**Your objective:** A picture should never appear in your copy. Transcribe the listing exactly from its first line through the line with "Edessa Ayakkabı/Antre Hol", both ends included.

**Supplied information:**
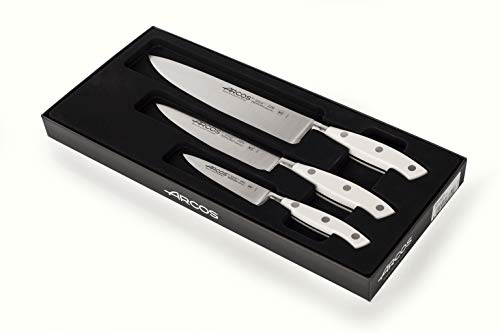 Arcos Riviera Blanc, Juego de Cuchillos de Cocina, Mondador + Santoku + Cuchillo de Chef, Acero Inoxidable Forjado Nitrum, Mango POM, Color Blanco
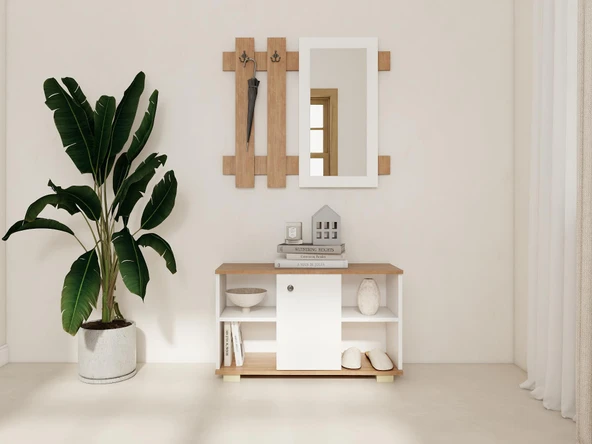 Edessa Ayakkabı/Antre Hol Dolabı MarbellaK.Beyaz Renk ürün görseli 1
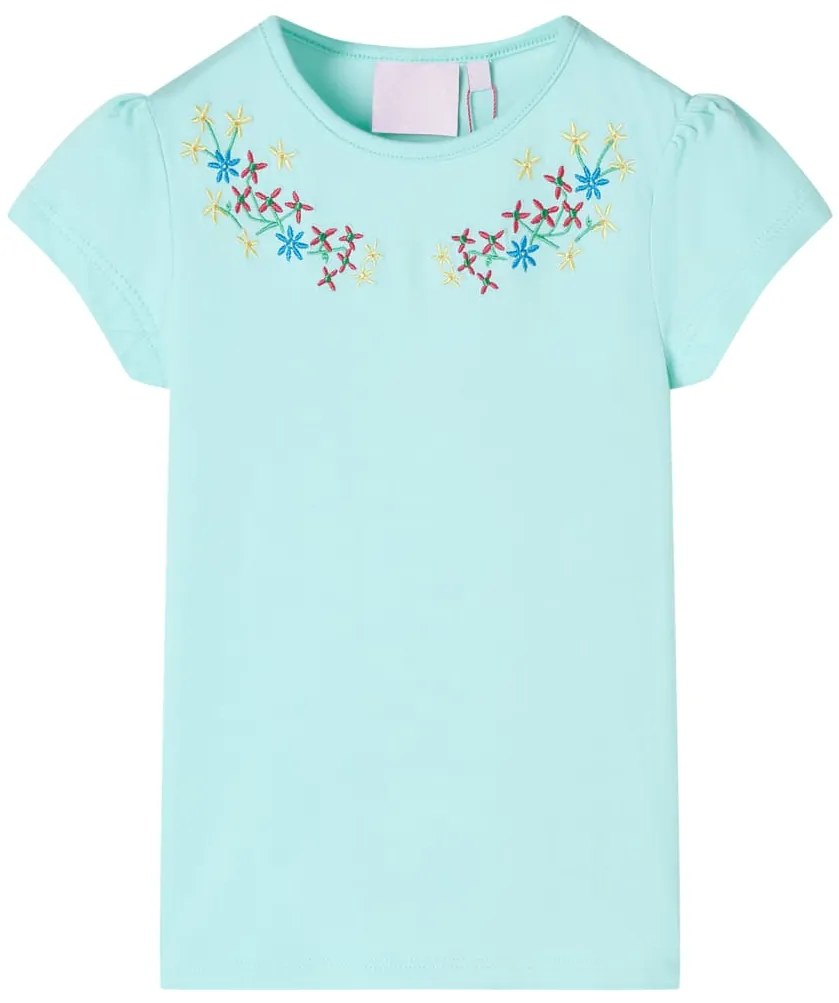 T-shirt de criança ciano-claro 128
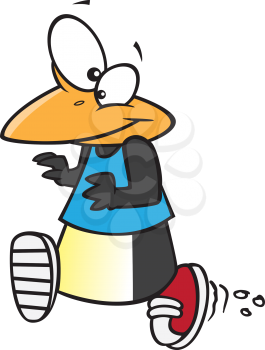 Royalty Free Clipart Image of a Running Penguin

**Task solution:**
 Arcos Riviera Blanc, Juego de Cuchillos de Cocina, Mondador + Santoku + Cuchillo de Chef, Acero Inoxidable Forjado Nitrum, Mango POM, Color Blanco
 Edessa Ayakkabı/Antre Hol Dolabı MarbellaK.Beyaz Renk ürün görseli 1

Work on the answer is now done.